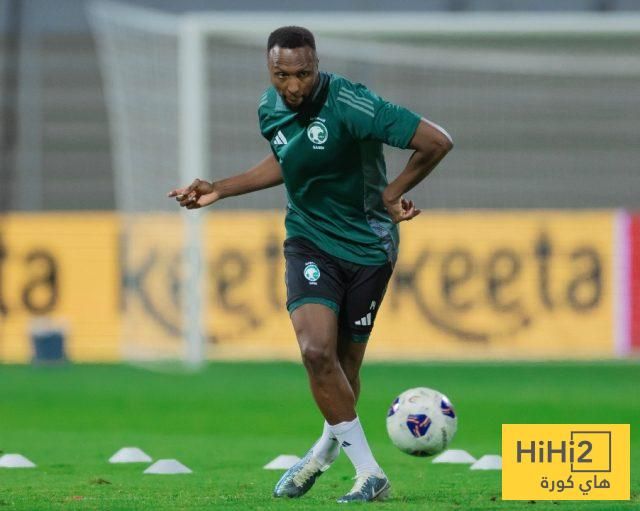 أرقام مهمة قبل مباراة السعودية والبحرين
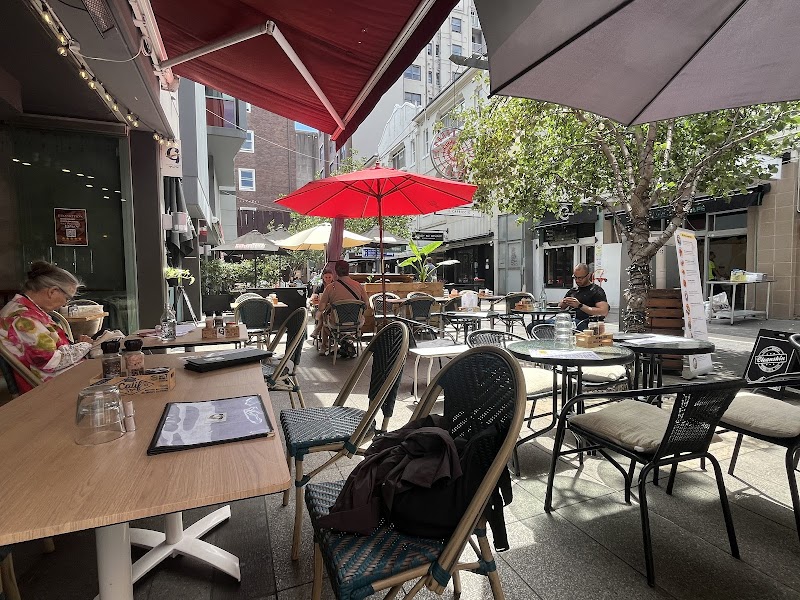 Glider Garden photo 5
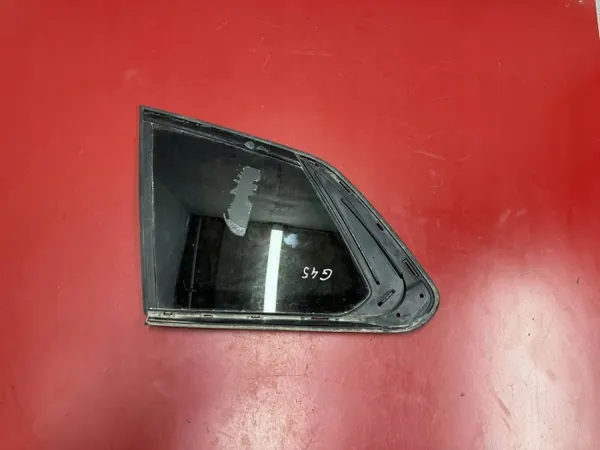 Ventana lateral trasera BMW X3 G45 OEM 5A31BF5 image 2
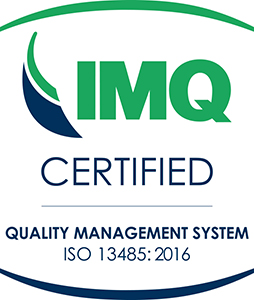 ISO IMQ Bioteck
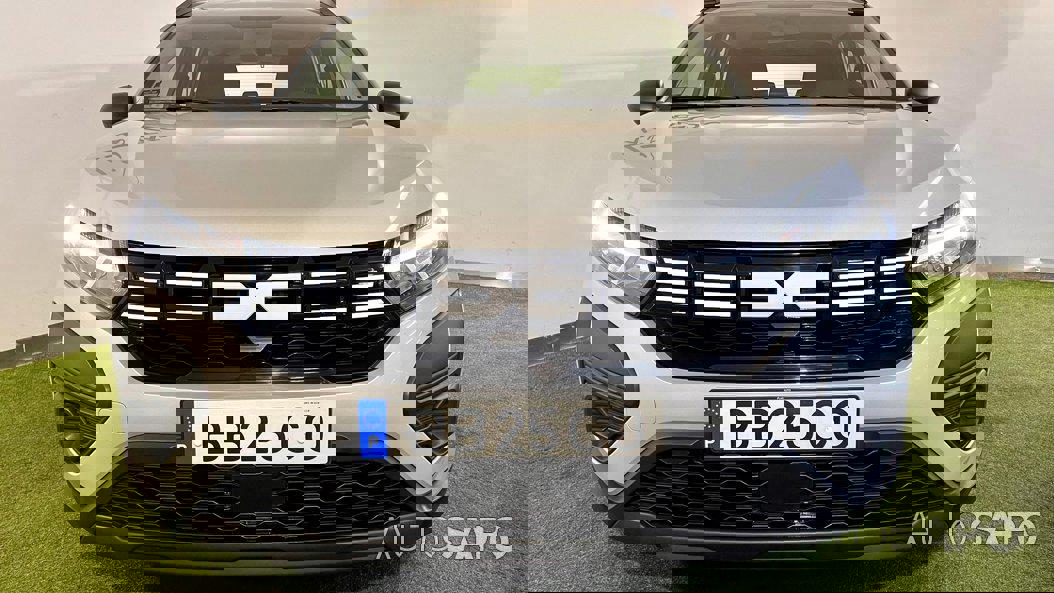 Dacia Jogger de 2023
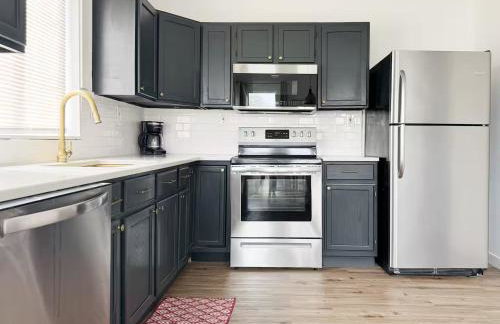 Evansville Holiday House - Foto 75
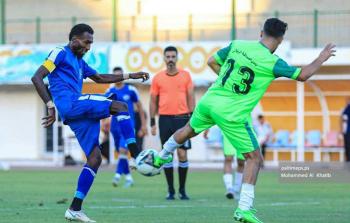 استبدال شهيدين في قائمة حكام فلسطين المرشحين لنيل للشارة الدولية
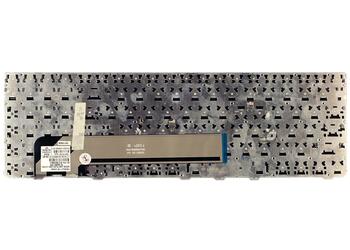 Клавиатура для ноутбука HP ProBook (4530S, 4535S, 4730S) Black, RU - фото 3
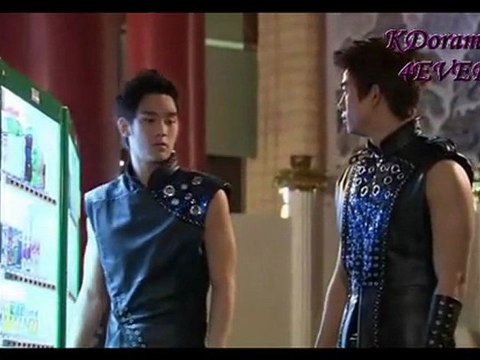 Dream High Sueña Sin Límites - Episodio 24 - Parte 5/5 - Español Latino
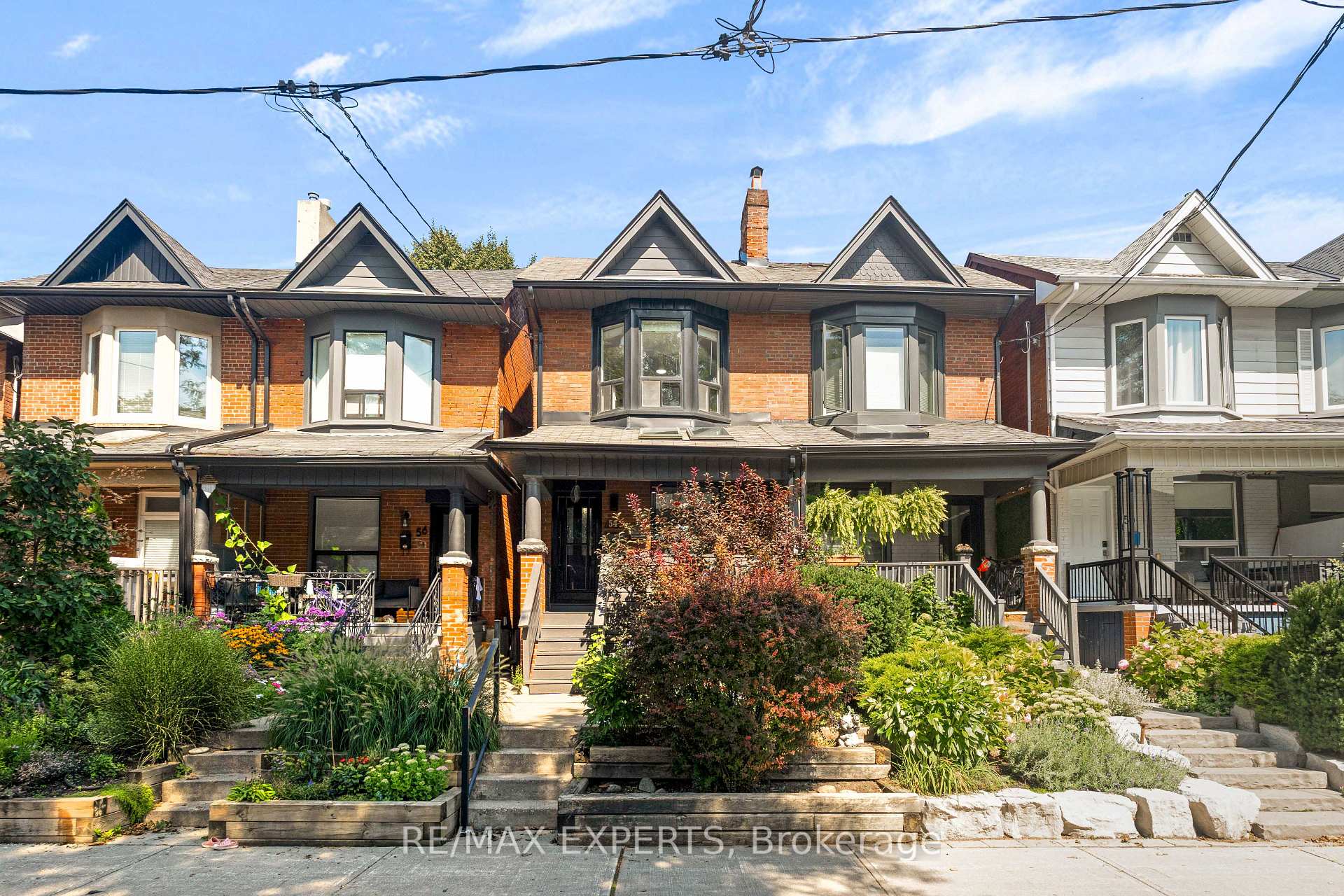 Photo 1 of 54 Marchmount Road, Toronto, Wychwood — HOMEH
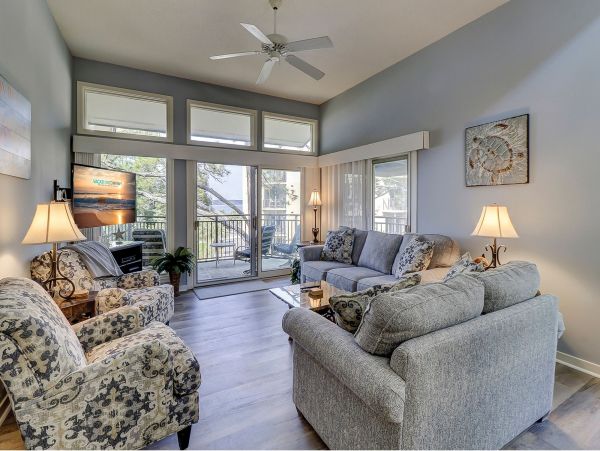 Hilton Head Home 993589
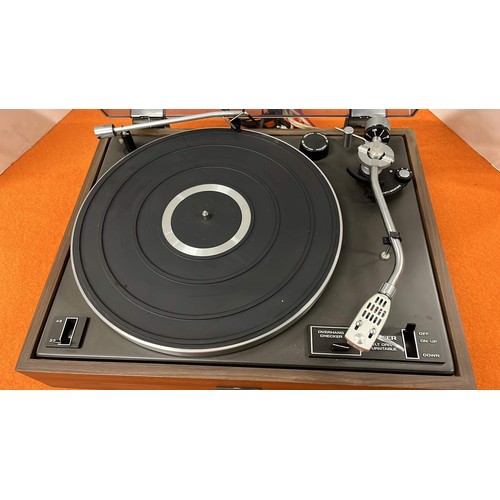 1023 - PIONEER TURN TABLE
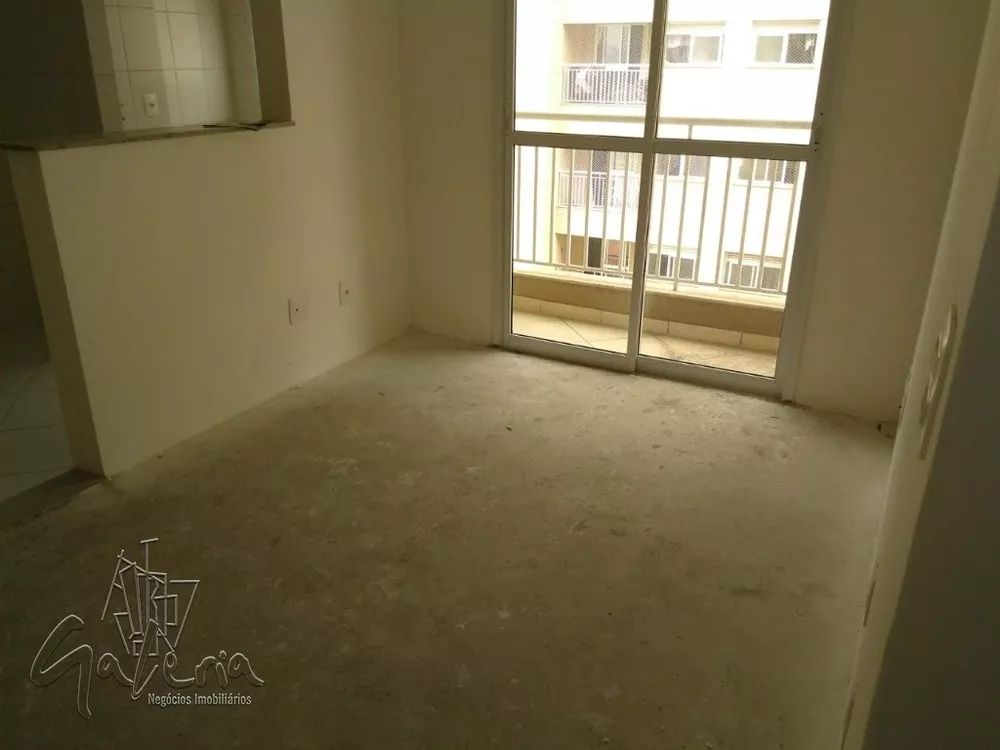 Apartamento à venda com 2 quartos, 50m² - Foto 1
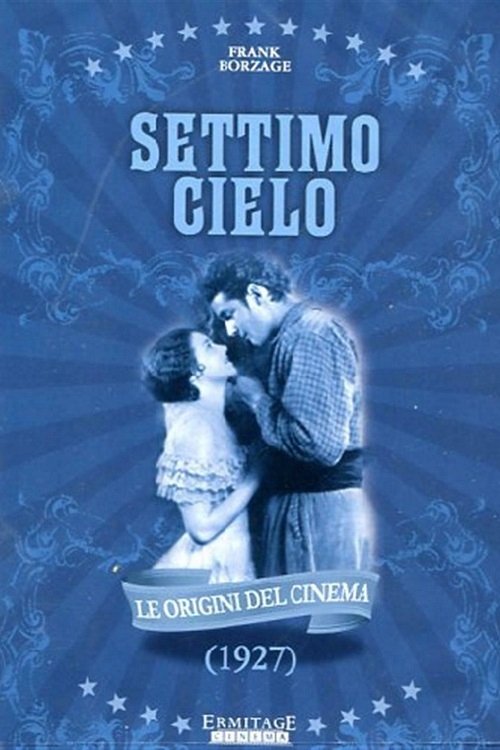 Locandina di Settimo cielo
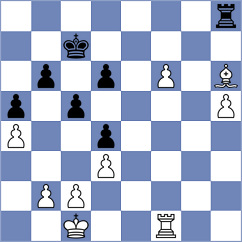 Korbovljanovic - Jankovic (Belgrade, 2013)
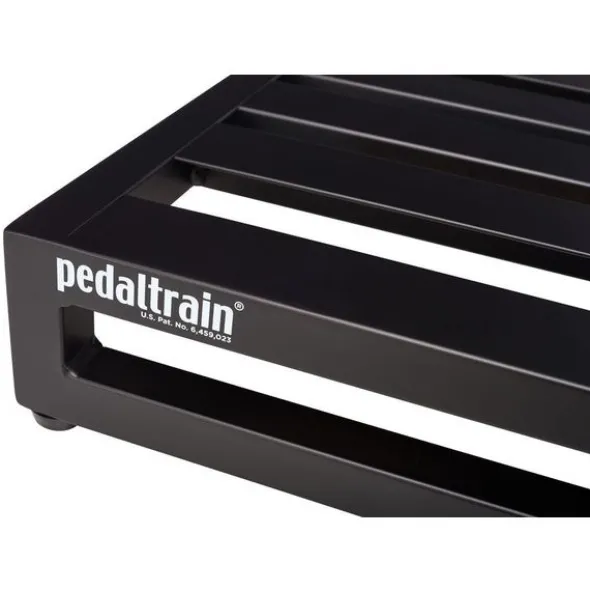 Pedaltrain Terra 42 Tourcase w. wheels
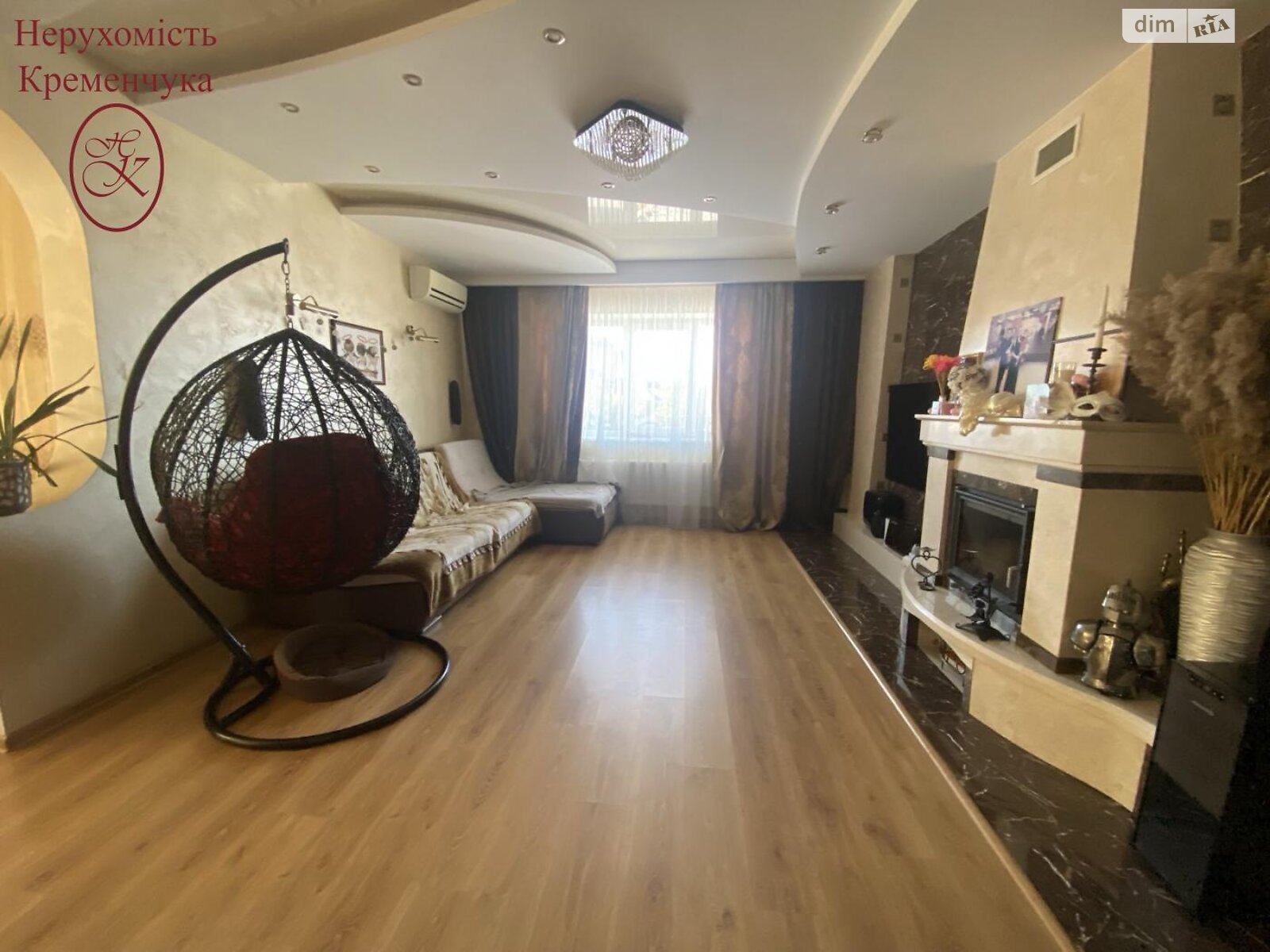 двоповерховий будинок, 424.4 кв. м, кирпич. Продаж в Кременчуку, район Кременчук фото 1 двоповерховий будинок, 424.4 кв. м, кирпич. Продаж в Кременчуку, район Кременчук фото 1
● ● ● ●
(TASK DIRECTIONS):
Using the entries above, write out exactly the lines from the one with "Клавиатура для ноутбука" through the one with "Pedaltrain Terra 42 Tourcase w. wheels", ends included. Leave out any pictures.

(OUTPUT OF THE EXERCISE):
 Клавиатура для ноутбука HP ProBook (4530S, 4535S, 4730S) Black, RU - фото 3
 Dream High Sueña Sin Límites - Episodio 24 - Parte 5/5 - Español Latino
 Photo 1 of 54 Marchmount Road, Toronto, Wychwood — HOMEH
 Hilton Head Home 993589
 1023 - PIONEER TURN TABLE
 Apartamento à venda com 2 quartos, 50m² - Foto 1
 Locandina di Settimo cielo
 Korbovljanovic - Jankovic (Belgrade, 2013)
 Pedaltrain Terra 42 Tourcase w. wheels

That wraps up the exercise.